Cluster analysis of differential metabolites using stratified cluster heat maps constructed with 2-fold variation of molecular characteristics (p < 0.05) (Fig. 4D). The color blocks of the MeHg group had a significant difference compared to the Control group, while the MeHg + FMT group was similar to that of the Control group. It indicating that FMT has a certain recovery effect on MeHg induced metabolic disorder.

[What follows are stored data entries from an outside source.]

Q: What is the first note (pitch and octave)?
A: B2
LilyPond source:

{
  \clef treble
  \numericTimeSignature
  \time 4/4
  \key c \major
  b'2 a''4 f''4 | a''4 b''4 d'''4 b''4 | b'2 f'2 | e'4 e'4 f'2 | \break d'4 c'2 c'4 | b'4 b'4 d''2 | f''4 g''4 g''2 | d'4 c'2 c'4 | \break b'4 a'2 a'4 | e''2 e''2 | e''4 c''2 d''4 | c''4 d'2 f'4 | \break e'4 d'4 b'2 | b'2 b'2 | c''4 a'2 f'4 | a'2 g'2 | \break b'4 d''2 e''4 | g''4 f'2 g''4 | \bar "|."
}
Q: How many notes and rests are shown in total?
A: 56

The metabolites disrupted in MeHg and MeHg + FMT group are shown in Fig. 4E. MeHg mainly caused changes of metabolites related to nerve especially gut-brain axis related ones, such as down-regulated of L-Tyrosine[45], Glycine[46], Aspartic acid[47], Leucine[48], up-regulated of GABA[50], Serine[49], Glutamate[45] and Xanthemnic acid[51], which is consistent with our previous results[28–29]. On the other hand, FMT up-regulated L-Tyrosine, Glycine, Aspartic acid, Leucine and, up-regulated of GABA, Serine, Glutamate and Xanthemnic acid. More detailed information on the metabolite changes are shown in Table S2. It indicates that FMT modulates the gut-brain axis related metabolites.

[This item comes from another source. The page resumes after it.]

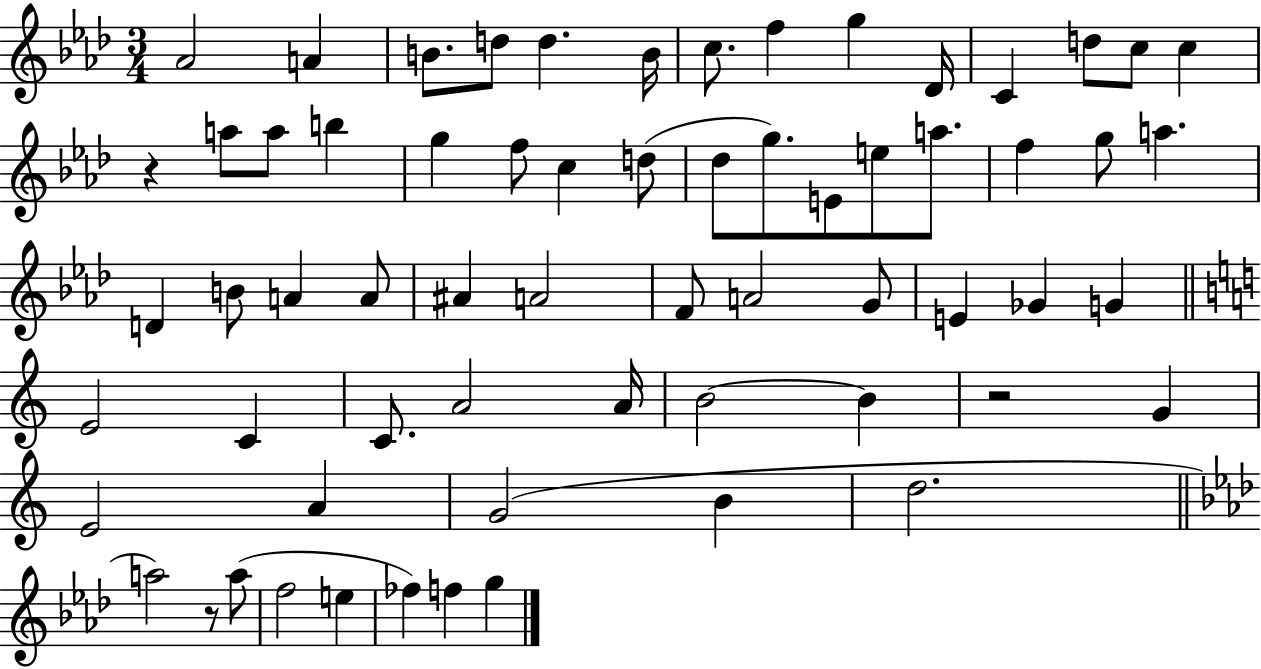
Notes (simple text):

Ab4/h A4/q B4/e. D5/e D5/q. B4/s C5/e. F5/q G5/q Db4/s C4/q D5/e C5/e C5/q R/q A5/e A5/e B5/q G5/q F5/e C5/q D5/e Db5/e G5/e. E4/e E5/e A5/e. F5/q G5/e A5/q. D4/q B4/e A4/q A4/e A#4/q A4/h F4/e A4/h G4/e E4/q Gb4/q G4/q E4/h C4/q C4/e. A4/h A4/s B4/h B4/q R/h G4/q E4/h A4/q G4/h B4/q D5/h. A5/h R/e A5/e F5/h E5/q FES5/q F5/q G5/q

BDNF is an important nutrient factor of brain nerves, which regulates the survival, growth, differentiation and apoptosis of nerve cells, and may protect neurons from stress by affecting the regeneration of nerve cells in the hippocampus and synaptic plasticity[52]. It is also a mediator involved in the survival of neurons, as well as the plasticity of dopamine, 5-hydroxytryptamine and cholinergic neurons in the central nervous system, and is a molecular marker of neuroplasticity. The levels of BDNF in serum, gut and brain are shown in Fig. 6A/B/C. It was found that MeHg significantly decreased the level of BDNF in serum, brain and gut compared to the control group as shown in Fig. 6A/B/C (p < 0.001), while FMT reversed the levels of BDNF in serum, brain, and intestinal levels. It indicated that MeHg disturbed the secretion of BDNF in the intestine and brain due to the damage to intestinal and brain structures.These results indicated that fecal transplantation could regulate BDNF and treat MeHg neurotoxicity.

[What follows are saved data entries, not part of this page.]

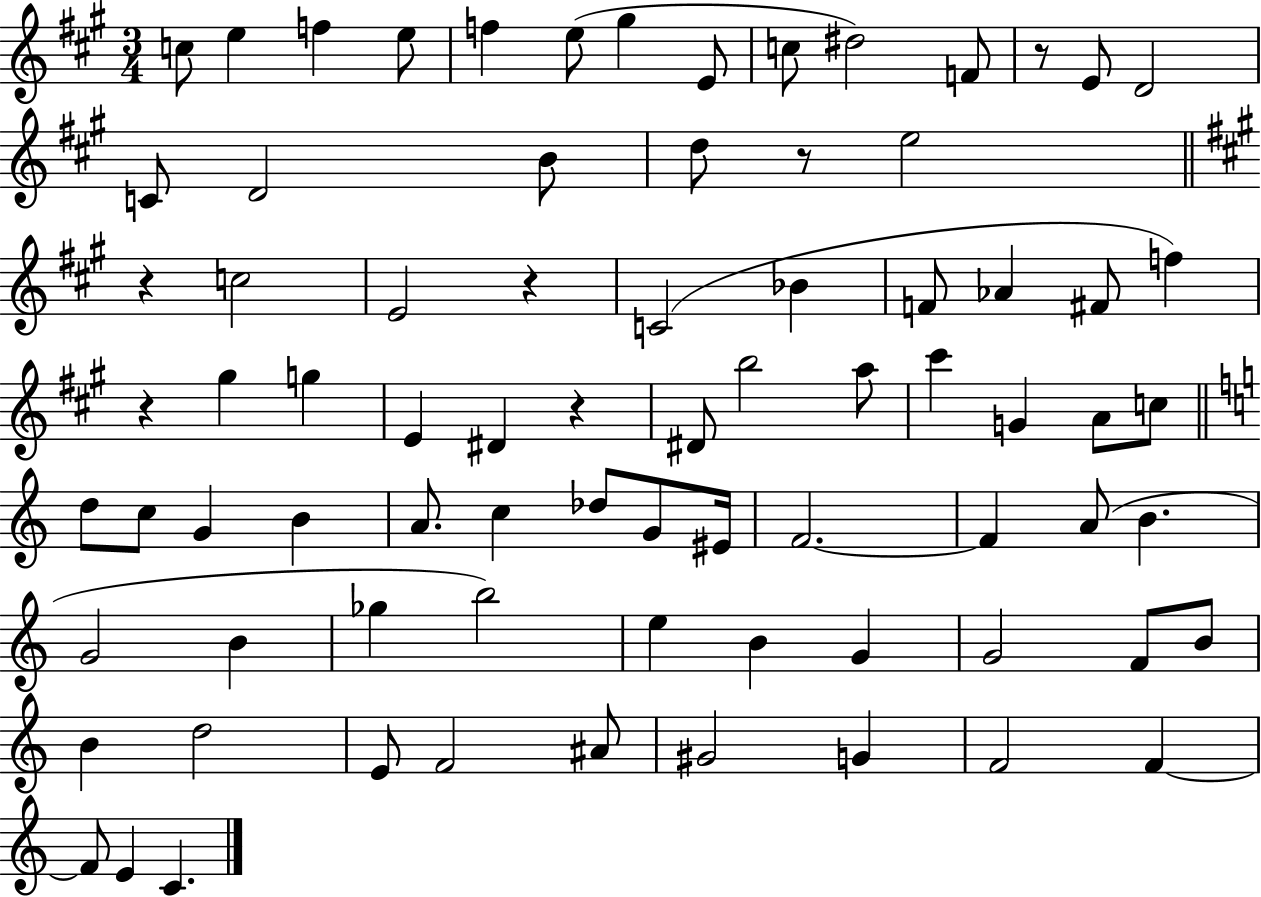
C5/e E5/q F5/q E5/e F5/q E5/e G#5/q E4/e C5/e D#5/h F4/e R/e E4/e D4/h C4/e D4/h B4/e D5/e R/e E5/h R/q C5/h E4/h R/q C4/h Bb4/q F4/e Ab4/q F#4/e F5/q R/q G#5/q G5/q E4/q D#4/q R/q D#4/e B5/h A5/e C#6/q G4/q A4/e C5/e D5/e C5/e G4/q B4/q A4/e. C5/q Db5/e G4/e EIS4/s F4/h. F4/q A4/e B4/q. G4/h B4/q Gb5/q B5/h E5/q B4/q G4/q G4/h F4/e B4/e B4/q D5/h E4/e F4/h A#4/e G#4/h G4/q F4/h F4/q F4/e E4/q C4/q.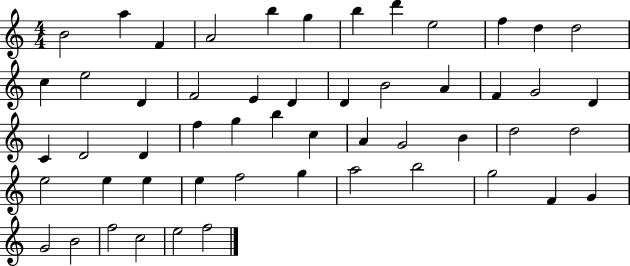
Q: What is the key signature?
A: C major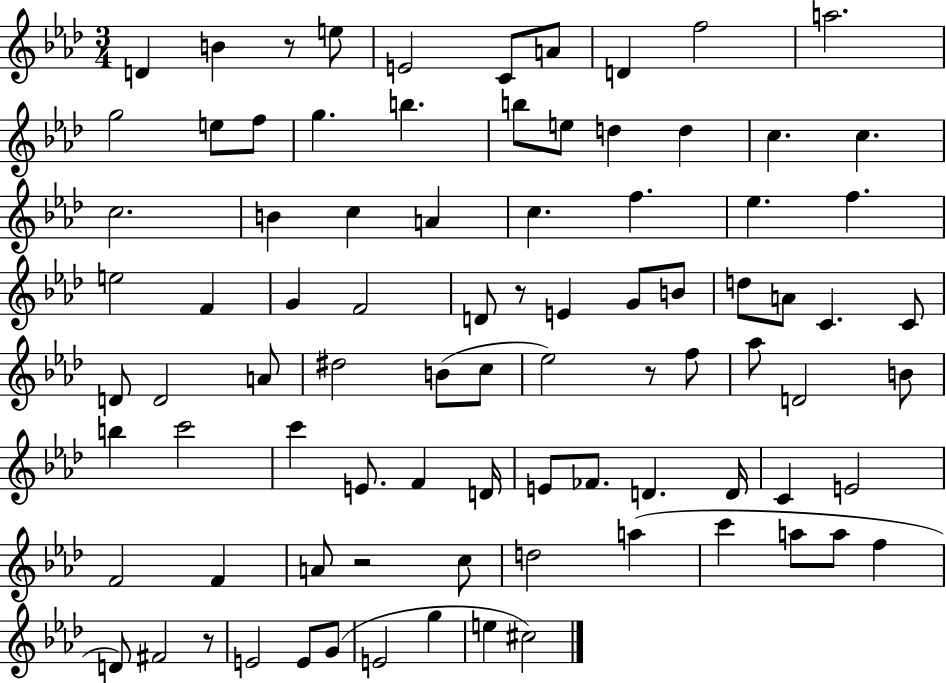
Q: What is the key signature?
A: AES major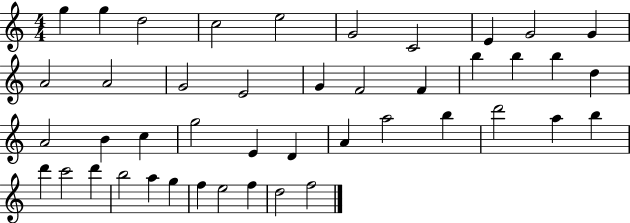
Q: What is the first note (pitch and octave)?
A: G5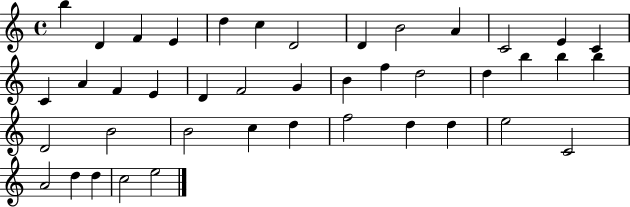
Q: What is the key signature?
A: C major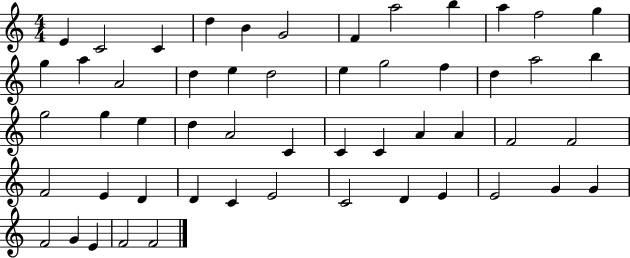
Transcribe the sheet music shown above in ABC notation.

X:1
T:Untitled
M:4/4
L:1/4
K:C
E C2 C d B G2 F a2 b a f2 g g a A2 d e d2 e g2 f d a2 b g2 g e d A2 C C C A A F2 F2 F2 E D D C E2 C2 D E E2 G G F2 G E F2 F2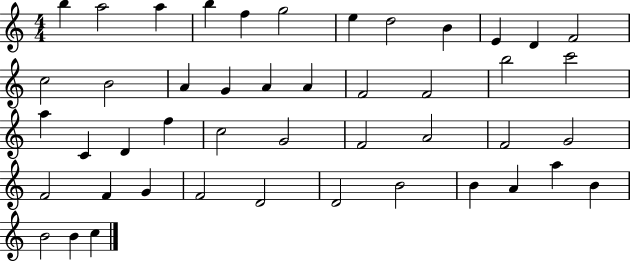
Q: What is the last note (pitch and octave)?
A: C5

50% of dopamine in the human body is secreted by the gut, so the decrease of dopamine secretion in the gut directly affects the whole body's dopamine metabolism[53]. The discovery that MeHg can induce the secretion of dopamine in the gut, brain and serum proves that MeHg does affect the gut brain axis system, and fecal transplantation can indeed repair such changes. The levels of dopamine in serum, gut and brain are shown in Fig. 6D/E/F. It was found that MeHg significantly decreased the level of dopamine in serum, brain and gut compared to the control group as shown in Fig. 6D/E/F (p < 0.001), while fecal transplantation reverses MeHg-induced dopamine reduction in serum, brain, and gut levels. It indicated that MeHg disturbed the secretion of dopamine in the intestine and brain due to the damage to intestinal and brain structures.These results indicated that fecal transplantation could regulate dopamine and treat MeHg neurotoxicity.